### [Data shown]
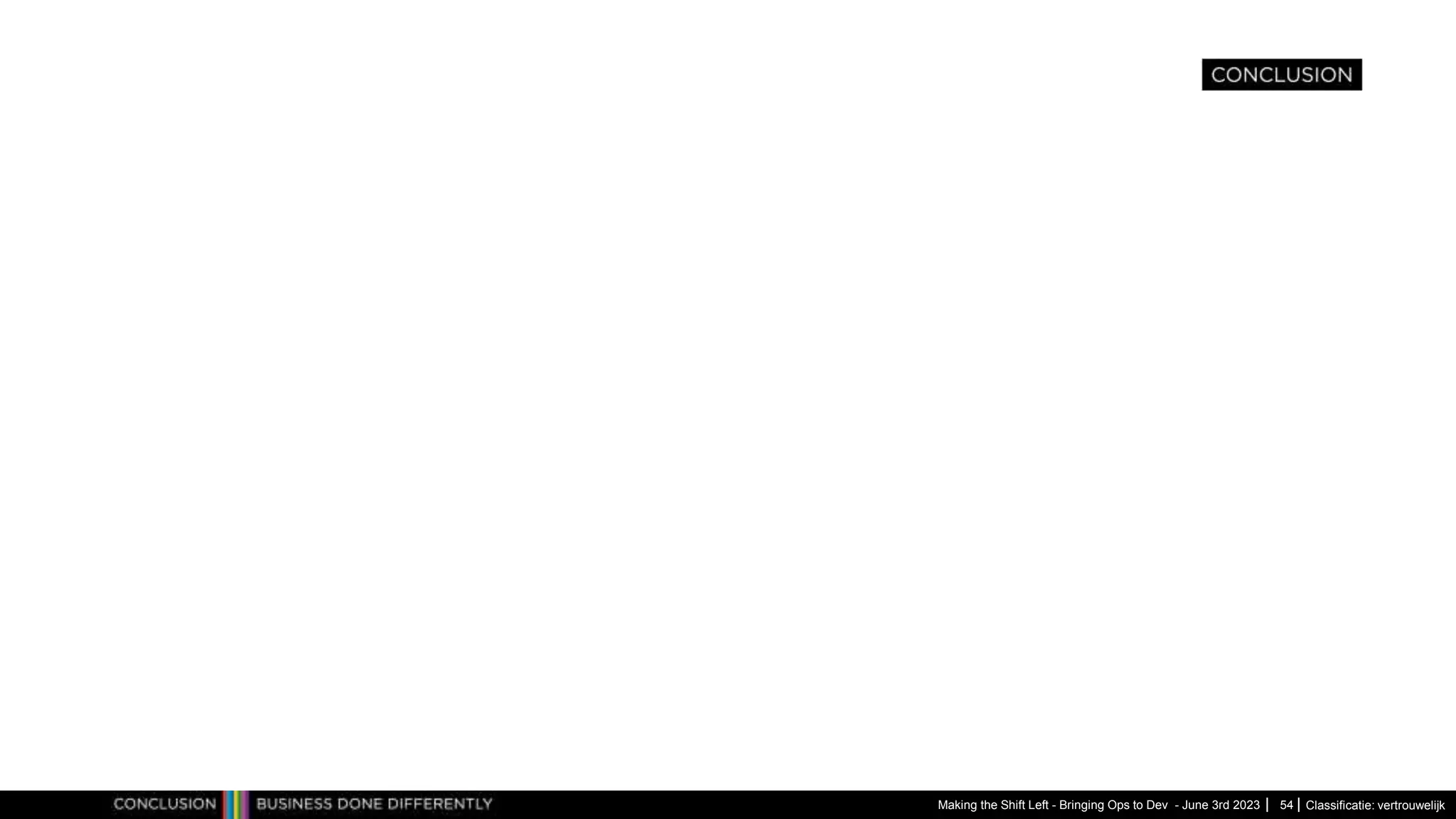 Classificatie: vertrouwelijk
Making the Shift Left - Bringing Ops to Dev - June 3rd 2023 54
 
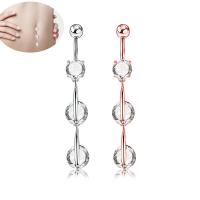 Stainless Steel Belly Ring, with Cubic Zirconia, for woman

### [What you are asked to do]
Restate word for word the lines above that start at the line containing "Making the Shift" and run to the end of the listing; exclude the pictures.

### [Answer area]
Making the Shift Left - Bringing Ops to Dev - June 3rd 2023 54
 
 Stainless Steel Belly Ring, with Cubic Zirconia, for woman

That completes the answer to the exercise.